Sumário do Conteúdo
Como era a Rússia antes da Revolução, um período de esplendor imperial e tensões profundas que moldou o destino do país e do mundo.
O Império Russa no Século XIX
No século XIX, o Império Russo se destacava como uma das potências globais mais influentes, abrangendo vastas terras que estendiam da Europa até a Ásia. Sua geografia colossal, cobrindo mais de 22 milhões de quilômetros quadrados, abrigava diversidade étnica e cultural impressionante, desde os camponeses russos até numerosas minorias étnicas sob o domínio czarista. Esta estrutura territorial gigantesca era mantida sob um rigoroso sistema autocrático, onde o czar detinha o poder supremo, exercendo controle absoluto sobre todas as esferas da vida política, econômica e social. A aristocracia e a alta nobreza gozavam de privilégios consideráveis, enquanto a massa camponesa, majoritária na população, vivia em condições de servidão feudal, pagando pesados impostos e trabalhando terras pertencentes aos senhores da terra.
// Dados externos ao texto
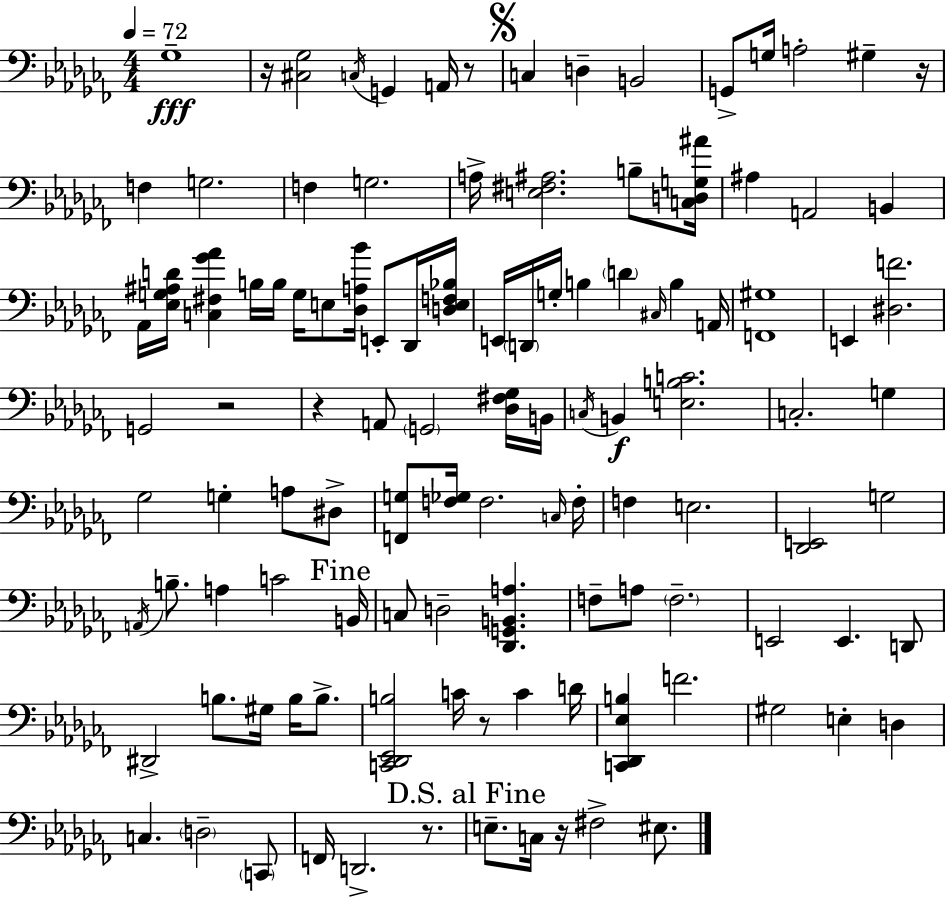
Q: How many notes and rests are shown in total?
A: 113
Apesar do atraso comparado com as potências ocidentais em industrialização, o século XIX trouxe avanços significativos, especialmente após a reforma de 1861, que libertou os servos, embora sem oferecer terras em quantidade suficiente. Esta reforma, impulsionada por Alexander II, visava conter tensões crescentes e transformar a estrutura agrária, mas gerou novos problemas, como a insuficiência das terras concedidas e o endividamento dos ex-escravos. Enquanto isso, nas grandes cidades como São Petersburgo e Moscou, começava a surgir uma nova classe operária, fruto da rápida, ainda que limitada, industrialização, que sentia os primeiros sintomas das desigualdades extremas que caracterizavam o regime. Este contexto criou um terreno fértil para o surgimento de movimentos revolucionários que criticavam abertamente o sistema autocrático e buscavam transformar radicalmente a sociedade russa.
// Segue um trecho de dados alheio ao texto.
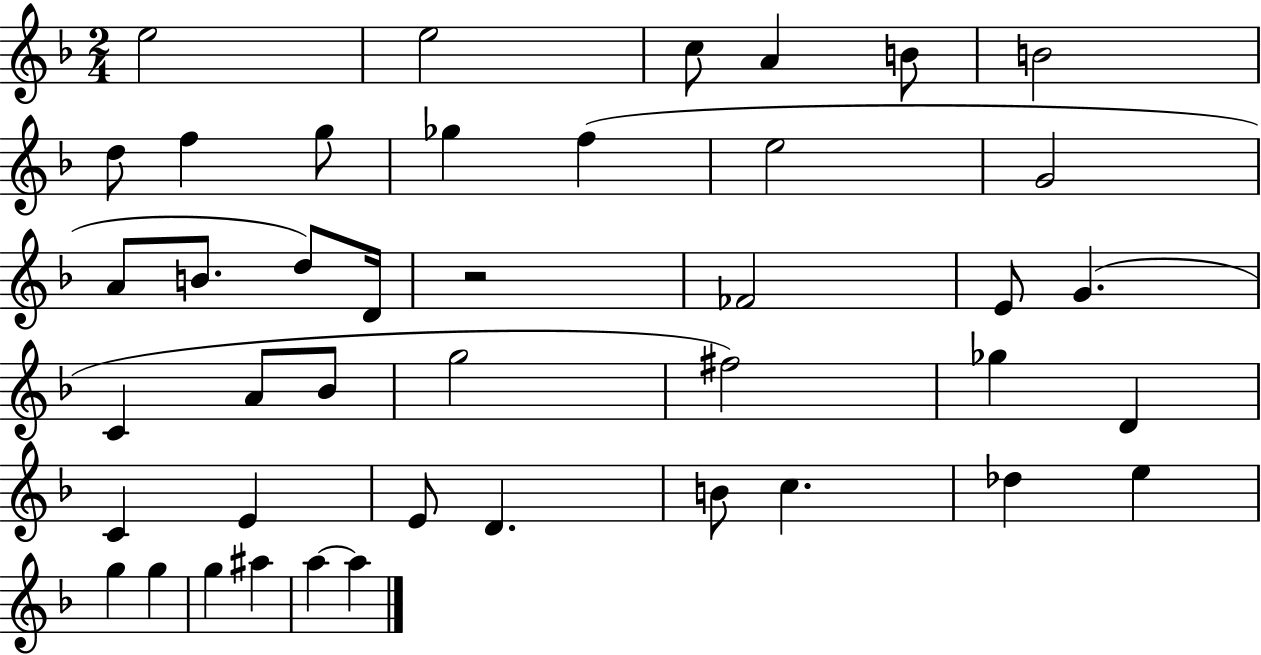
E5/h E5/h C5/e A4/q B4/e B4/h D5/e F5/q G5/e Gb5/q F5/q E5/h G4/h A4/e B4/e. D5/e D4/s R/h FES4/h E4/e G4/q. C4/q A4/e Bb4/e G5/h F#5/h Gb5/q D4/q C4/q E4/q E4/e D4/q. B4/e C5/q. Db5/q E5/q G5/q G5/q G5/q A#5/q A5/q A5/q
Desigualdades Sociais e Econômicas
A sociedade russa pré-revolucionária era profundamente desigual, dividida em castas rígidas que determinavam o destino de praticamente todos os indivíduos. No topo estava a aristocracia e a corte czarista, que detinham riquezas, terras e poder político. Abaixo, a burocracia e os funcionários públicos, que garantiam a administração do vasto império. Em seguida, a vasta camada de camponeses, que representavam mais de 80% da população, vivem em uma miséria absoluta, alugando terras aos nobres e trabalhando para sobreviver, enquanto pagavam pesados tributos e estavam sujeitos à autoridade dos senhorios locais. Essa massa rural oprimida era a espinha dorsal do país, mas carecia de direitos básicos e de qualquer participação política.
Emergiam, porém, novas forças no cenário urbano. Surgia uma pequena burguesia industrial, composta por empresários e comerciantes, que buscava espaço e influência, mas esbarrava na concorrência desleal das potências estrangeiras e na própria ineficiência do estado. Paralelamente, uma classe operária moderna começava a se formar nas fábricas e minas, composta por homens e mulheres que enfrentavam condições de trabalho desumanas, longas jornadas diárias e salários miséribundos. Esses trabalhadores, reunidos em bairros operários superlotados e submetidos a perigosas condições sanitárias, tornaram-se o calcanhão de Aquiles do regime, pois suas revoltas e greves passaram a representar uma ameaça concreta à estabilidade do império. A combinação de miséria camponesa e oprimência operária criou uma atmosfera de tensão constante, à espera de uma spark para explodir.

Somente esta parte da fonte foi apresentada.